Centuries ago a group of people got tired of living on Earth and they set off to build what they felt would be freer lives in space. Ava has lived on the Parastrata, a long range merchant ship, all her life. Now she is sixteen and, as the captain’s eldest daughter, she is the ship’s so girl. Ava is supposed to set a good example for the other girls and she helps them to learn how to behave with modesty and how to do their chores properly.

   In a day’s time the Parastrata will be docking at a skyport near Earth. Ava is working with the livestock when her stepmother, Modrie Reller, comes to get her.  Modrie Reller dyes Ava’s hair red and explains that the next day, when they dock at Bhutto station, Ava will meet the man who is going to be her husband. He is a member of the Aether crewe and Ava’s marriage to him will solidify trade agreements between the two crewes. Modrie Reller does not tell Ava who her husband is going to be, but Ava imagines he will be Luck, the son and heir of the Aether’s captain.

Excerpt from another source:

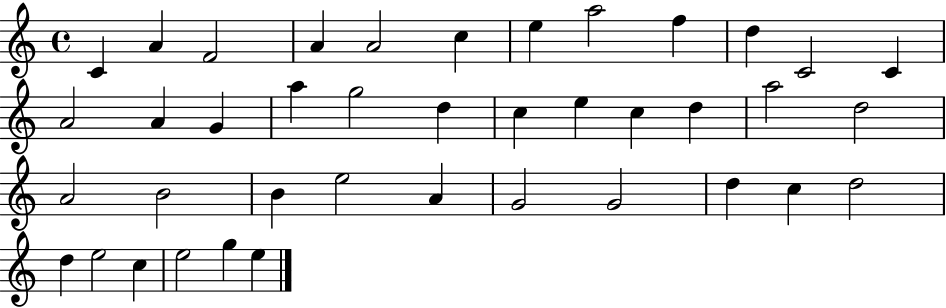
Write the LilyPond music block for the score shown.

She prays it will be Luck because she has met him before and likes him a great deal.

   The next day Ava and a group of men and women go on board the Aether. Discussions take place, meals are eaten, and then Ava goes to the women’s quarters to sleep. Feeling hot and restless, she decides to explore the Aether, which will soon be her new home. She discovers a garden, and there, among the lemon trees she meets Luck. The pair go for a swim in the Aether’s desalination pool. Knowing that she and Luck will be married the next day, she allows him to make love to her. Soon after, the pair are discovered by two Night Fixes and they are dragged in front of Luck’s father. To her horror Ava learns that she was pledged to the captain and not to Luck. For young people to do what they did before marriage is unforgiveable, and Ava stands by while Luck is beaten. Then she is taken back to the Parastrata. After spending a night locked in a utility closet, Ava is prepared for burial by the other women. She realizes that the plan is to send her out into the Void alive, to kill her.  Then women then carry Ava to the coldroom and lock her in there.

   Thankfully, before Ava can freeze, her friend Iri comes to save her. Together the girls escape onto the station, trying to outrun the men from the Parastrata. They need to find a way to get Ava away from her family before it is too late. Iri knows someone “groundways,” someone on Earth. It turns out that Ava’s mother had a sister, a doctor; perhaps she will take Ava in. Iri knowns that Ava’s aunt is in Mumbai and so the girls try to find a passenger ferry that will take Ava there. In the end, despertate, they try to persuade a captain, a woman,who has a mail sloop, to take Ava groundways. When the men from the Parastrata appear in the station’s passenger tier, the sloop’s captain sees that Ava is in trouble and she quickly takes the girl on board and pilots her ship away from the station.

   Ava has never been planetside before, and when they arrive on Earth her body is wracked by terrible pain because it is not used to Earth’s gravity. For months Ava stays with the captain, Perpetue, and her daughter Miyole. They take care of Ava until she is finally able to get around by herself. Miyole starts to teach Ava how to read, which is something the girls and women on Ava’s ship are not allowed to do. Then Perpetue teaches Ava how the sloop works and how to fly it. Ava’s fondness for Fixes, which she was never allowed to do on the Parastrata, comes in handy and she grows to like her life with Perpetua and Miyole.

   Eventually it is time for Ava to try to find out where her aunt lives. She knows her aunt’s name and that she is a doctor in Mumbai, but Mumbai is a huge city. She needs an address and so, when Perpetua goes back to Bhutto station, Ava uses a computer there to find out where her aunt is. She never imagines that soon her life will be turned upside down once again and she will have to rely on herself in many new ways.

   This extraordinary book will take readers into a future that is both familiar and unfamiliar. Certain aspects of the narrative are painful, but it is fascinating to see how Ava adapts to her changing circumstances and how she comes to understand what it is she wants out of life.